While the centre’s lights are just as bright as any other Asian metropolis and multi-million glass buildings stand side by side with Soviet blocks, dig a little deeper and you’ll find a metropolis of juxtapositions: masterful graffiti that tells of Mongolian history and heritage alongside tiny Buddhist temples, designer boutiques overlooking the sprawling ‘Black Market’ selling saddles and other equine paraphernalia alongside ger walls and furnishings, young Mongolians dressed to the nines in the latest fashions waiting at traffic lights alongside a deel-clad nomad in traditional boots.

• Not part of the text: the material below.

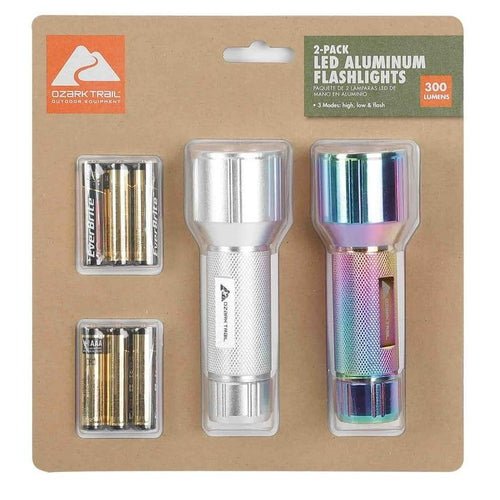 Ozark Trail LED 300 Lumens Handheld Aluminum Flashlights, with 6 AAA Batteries, 2 Pack, Silver and Iridescent EasyOptionXY LLC
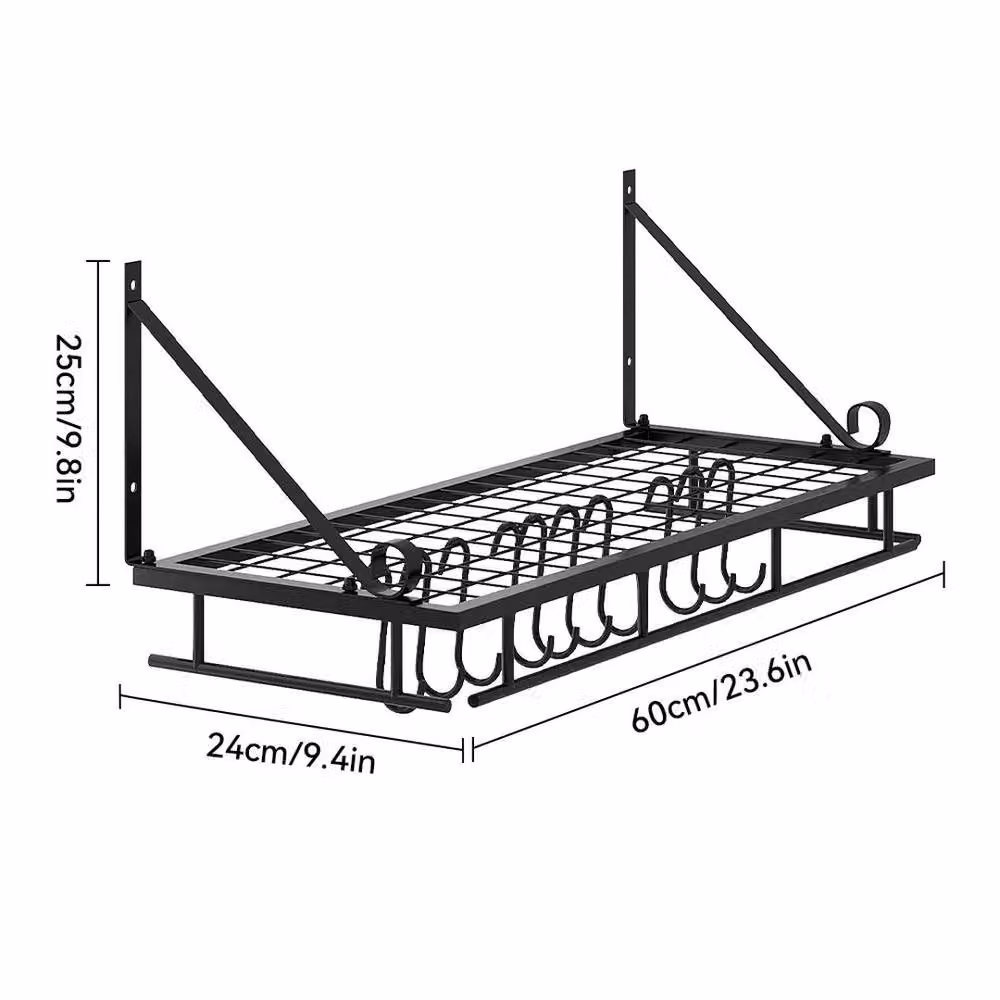 Kelvenix Black Matt Metal and Glass Wall Mounted Kitchen Storage Rack W: 60 cm, H: 25 cm – 2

There are archery workshops in which craftsmen fashion quality bows and arrows and a burgeoning jazz scene – the country hosts an annual jazz festival. Sadly the unexpected trend for Mongolian punk seems to have faded but while it lasted, it cast a pierced and tattooed slice of the population onto the world stage in Benj Binks’ eye-opening film, Mongolian Bling. Sumo wrestlers train in backstreet gyms hoping to be picked for elite training squads and eventually head to Tokyo, where many of them have gone on to beat Japanese champions. Nationally, the wrestling calendar comes to a colourful climax in July, when the city hosts the country’s most important festival, Naadam. Mongolia’s three main traditional sports are celebrated at this annual event: wrestling, archery and horse riding.
Flying into the city, it would be easy to overlook the communist capital in favour of the vastly more picturesque Mongolian countryside. But spend at least a couple of nights here on arrival and one at the end. This metropolis will have you coming back for more.